Gasoline Provides Boost to Energy Price Index
A 2.6 percent increase in the price index for gasoline and other motor fuel outweighed declines in other major energy components to produce a 1.3 percent increase in the prices of energy goods and services taken as a whole. Gasoline alone contributed about 0.6 annualized percentage points to November’s headline inflation rate.
Among other energy components, fuel oil and natural gas recorded price declines of 1.2 percent and 0.4 percent, respectively. The price index for electricity services was unchanged from a month earlier.
For the 12 months through November, the price index for energy goods and services was up 0.8 percent—its first 12-month increase since crude oil prices plummeted in the second half of 2014.
The energy price index is likely to show a further increase when PCE data for December are released. Weekly retail price data from the Department of Energy (DOE) put gasoline prices in December on track for a 2.3 percent increase. Those DOE data are not seasonally adjusted. Taking account of the typical seasonal pattern in gasoline prices—a normal December sees a price decline of about 1.2 percent—the DOE data show gasoline prices on track for a seasonally adjusted increase of about 3.5 percent in December. If that gain, slightly larger than November’s, is realized, gasoline would end up contributing about 0.8 annualized percentage points to December’s headline PCE inflation rate.
Food Prices Continue to Fall
Food prices fell for a seventh straight month in November, with the PCE price index for food and beverages purchased for off-premises consumption declining by an annualized 2.1 percent.

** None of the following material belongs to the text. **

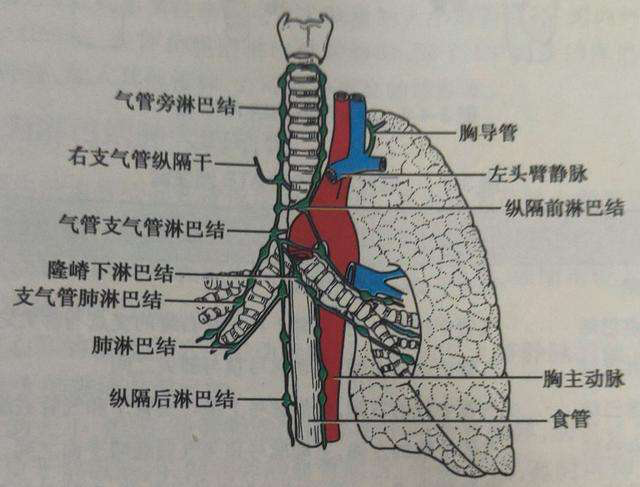 纵膈淋巴结肿大原因是什么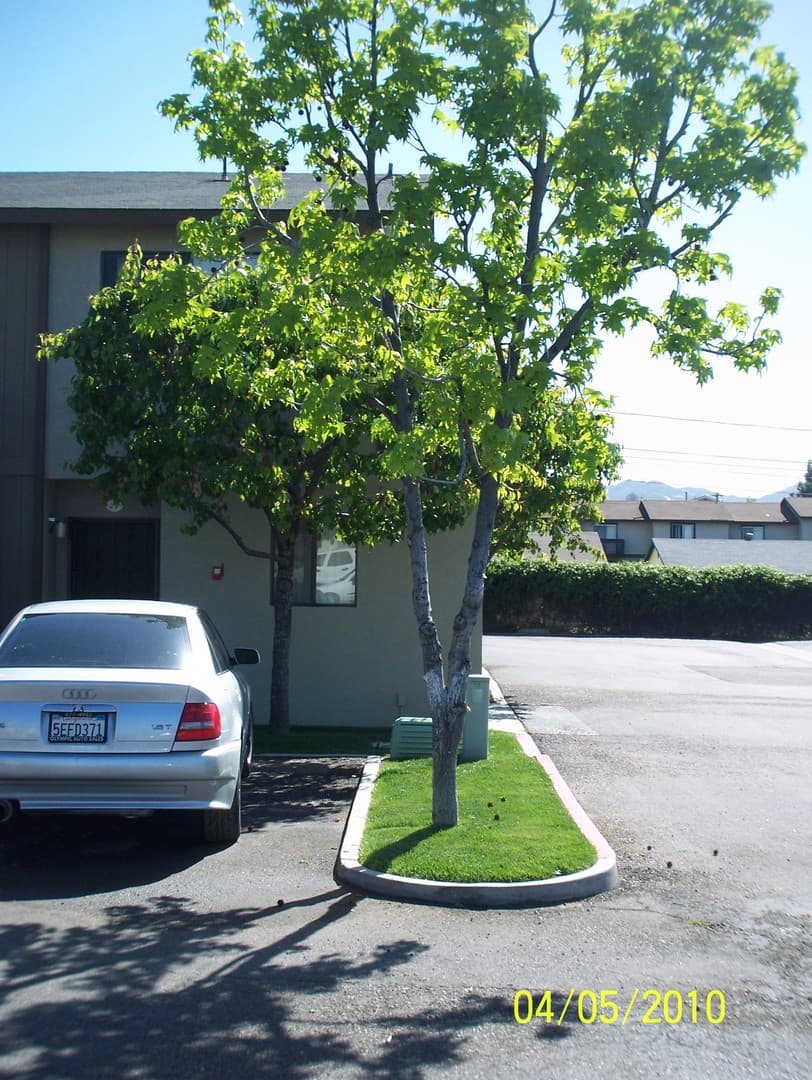 El Cajon Apartment: 1221 Oro Street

Prices for more-processed food items, which had snapped a string of five consecutive declines in October, fell again in November, by an annualized 1.6 percent. Prices for less-processed food items fell an annualized 3.4 percent, led by sharp declines in the prices of fresh milk and fresh produce.
The price index for food as a whole is down 1.7 percent over the past 12 months, reflecting a 4.8 percent decline in the prices of less-processed items and a 0.5 percent decline in the prices of more-processed items.
Core Goods Prices Record Largest Decline Since 2003
Core goods prices fell sharply in November, declining by an annualized 4.8 percent, their largest one-month rate of decline since May 2003. November’s decline was, in fact, the fourth largest for the series, which goes back to 1959. Sharp declines in the prices of prescription drugs, televisions and men’s and boys’ clothing were major contributors. Prescription drug prices alone—down 7.4 percent at an annualized rate—subtracted about 0.3 annualized percentage points from November’s headline inflation rate.
Prices for core goods are down 0.6 percent for the 12 months ending in November; they had been down 0.3 percent on a 12-month basis through October.
Prices for core services, meanwhile, rose at a modest 1.8 percent annualized rate in November.Among items posting outsized price movements, hotel and motel services (down an annualized 15.6 percent) and spectator sports admissions (down an annualized 46.8 percent) had the largest impacts on November’s headline inflation rate, with each subtracting a bit more than 0.1 annualized percentage points.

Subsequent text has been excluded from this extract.